La señora Isabel, como cada mañana, estaba dispuesta
a sacar brillo a aquellos muebles blancos, los cuales aún seguía pagando y ya
estaban un poco desgastados. Los compró por necesidad, pues los muebles anteriores
los tenía desde que se casó, hacía treinta años, y estaban apolillados y un
poco rotos, si no, la señora Isabel no haría tal gasto, a su parecer,
innecesario. “Si aún sirve, ¿Para qué comprar otro?”, “Hay que sacarle partido
hasta el último momento” y “Hay que saber administrar el dinero” eran unas de
sus frases favoritas cuando se trataba de hacer compras. Nunca habían
disfrutado de una buena economía y de siempre ha tenido que gastar lo justo, pero
esos muebles hacían falta cambiarlos. Cuando uno se sentaba en una silla, lo
mismo crujía que se doblaba o se partía. Cuando se abría un mueble, te podías quedar con el pomo en la mano y seguía cerrado.
Esa compra fue necesaria.
Isabel parecía feliz aquella mañana. Mientras
limpiaba, cantaba algunas coplas y sevillanas. No le importaba que cantase tan
mal, ella estaba feliz y lo demostraba así.

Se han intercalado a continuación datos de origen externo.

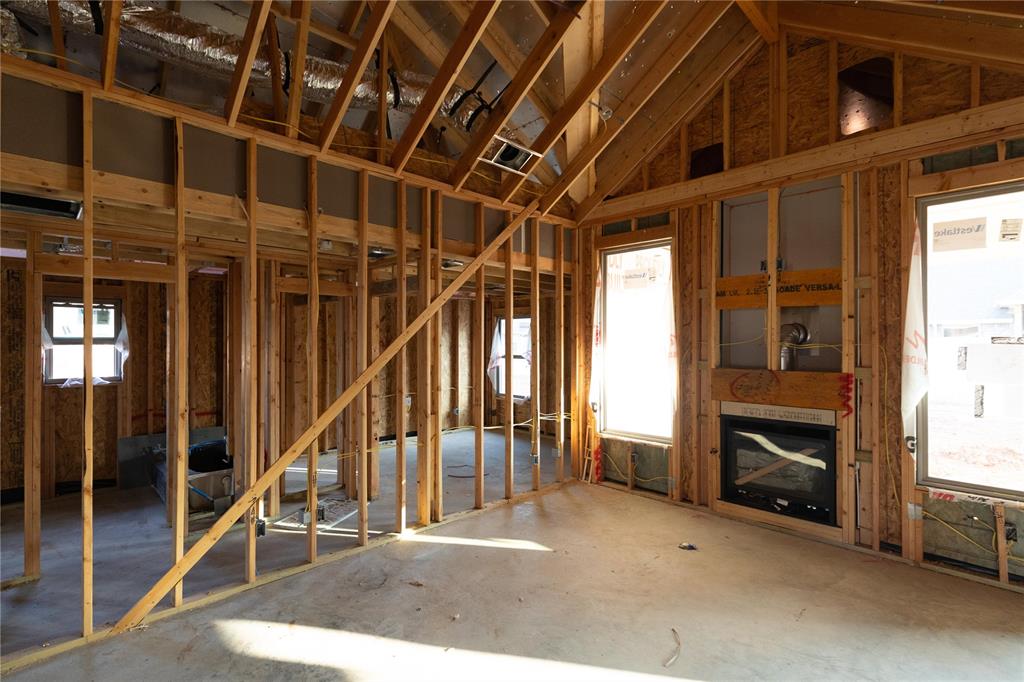 2nd image of 16133 Verbena Cir, Edmond, OK 73013 | MLS# 1231210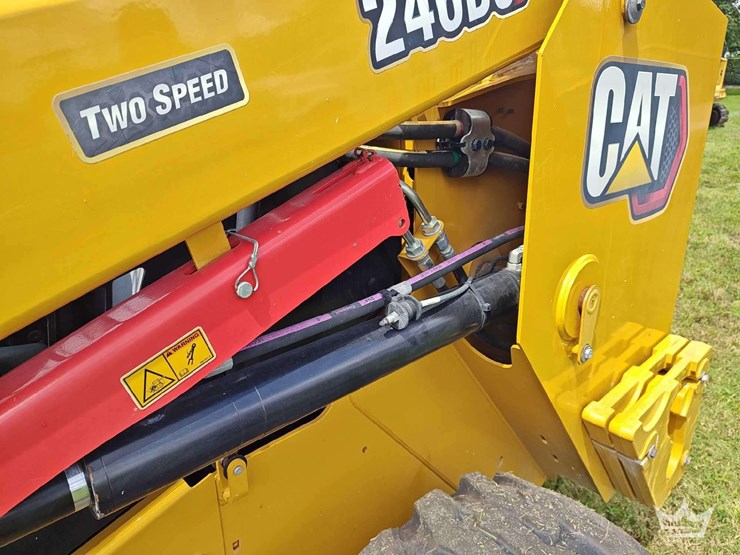 2023-caterpillar-246d3-image-15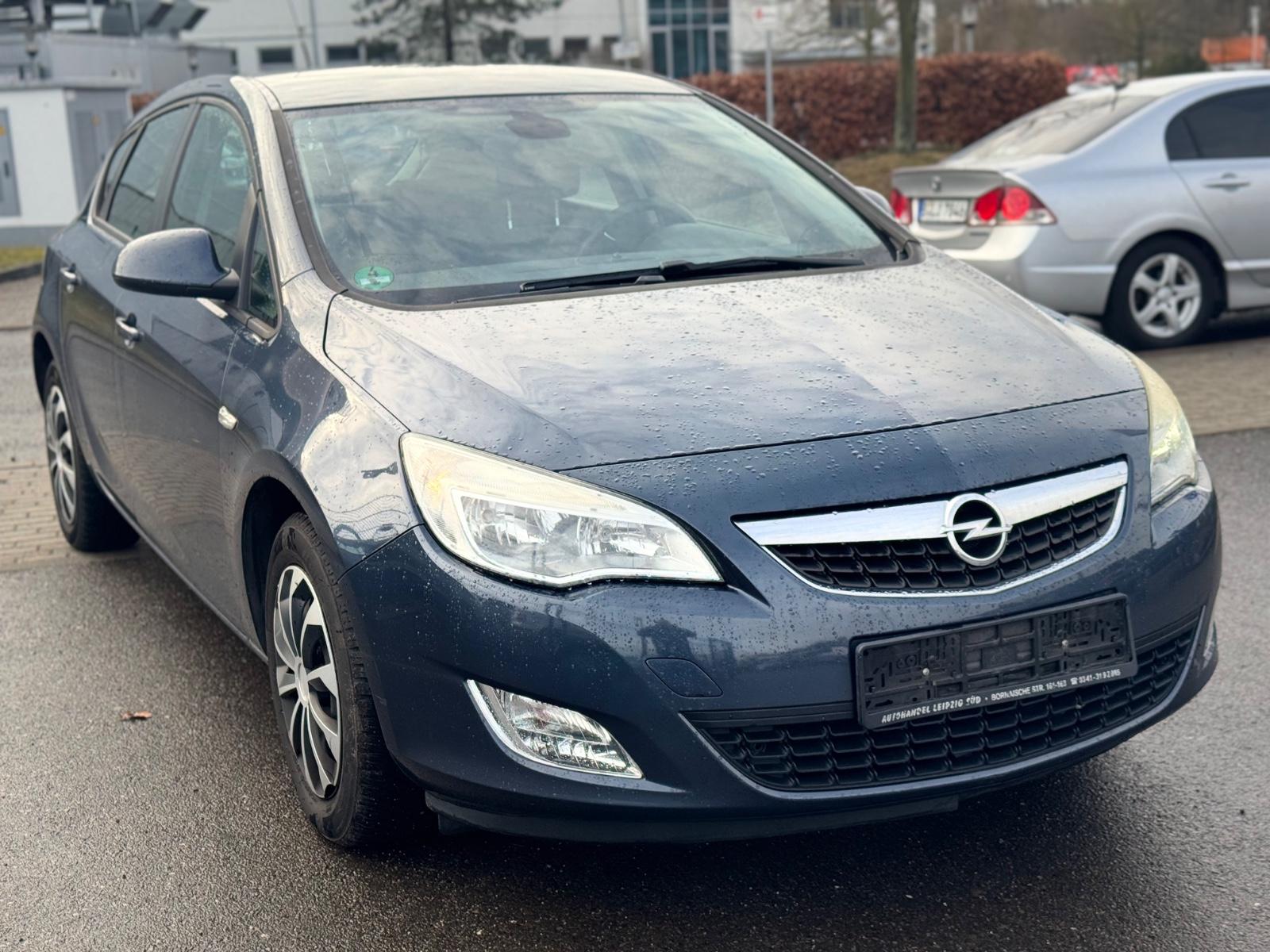 Opel Astra J Lim. 5-trg. Selection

Hacía poco más de medio año que se acababa de
divorciar, y parecía que todavía estaba un poco afectada. Isabel no habría
hablado de este tema con nadie que no fuese sus hijos o sus mejores amigos,
pero ese lunes, no le faltaban ganas de gritar por el balcón que era feliz.
Isabel tenía tres hijos: Luis, Rocío y Joseph. Luis
trabajaba de peluquero en una peluquería para gente adinerada. Rocío estaba
licenciada en periodismo, y aunque seguía estudiando un doctorado, trabaja en
todo lo que podía, tanto de animadora infantil como profesora de clases
particulares.
Esto era una ayuda económica para Isabel, pero
tampoco podía pedir mucho, pues ambos
vivían juntos en Sevilla y tenían que pagar un piso que compraron a muy buen
precio. Apareció como por arte de magia, justo cuando lo necesitaban.
El último hijo, Joseph, acababa de terminar cuarto
de la ESO (también como por arte de magia, aunque había repetido ya una vez), y
este año, tendría que irse con sus hermanos a estudiar bachiller en Sevilla. Al
principio no le hacía mucha gracia eso de vivir con sus hermanos, pues él era
justamente lo contrario a ellos, tanto en gustos como personalidad. Sus
hermanos conocían a todo el mundo, él conocía su propio mundo.
La señora Isabel entró en el cuarto de Joseph, el
cual seguía dormido. Sin hacer ruido, abrió las dos puertecitas de la ventana,
dejando que los rayos del sol pasasen a través del cristal y diesen contra la
pared de papel pintado con estampados barrocos en blanco y negro. El centro de
esta pared estaba coronada por un gran cuadro dorado con una foto de Marilyn
Monroe. Las otras tres paredes eran de color verde aguamarina.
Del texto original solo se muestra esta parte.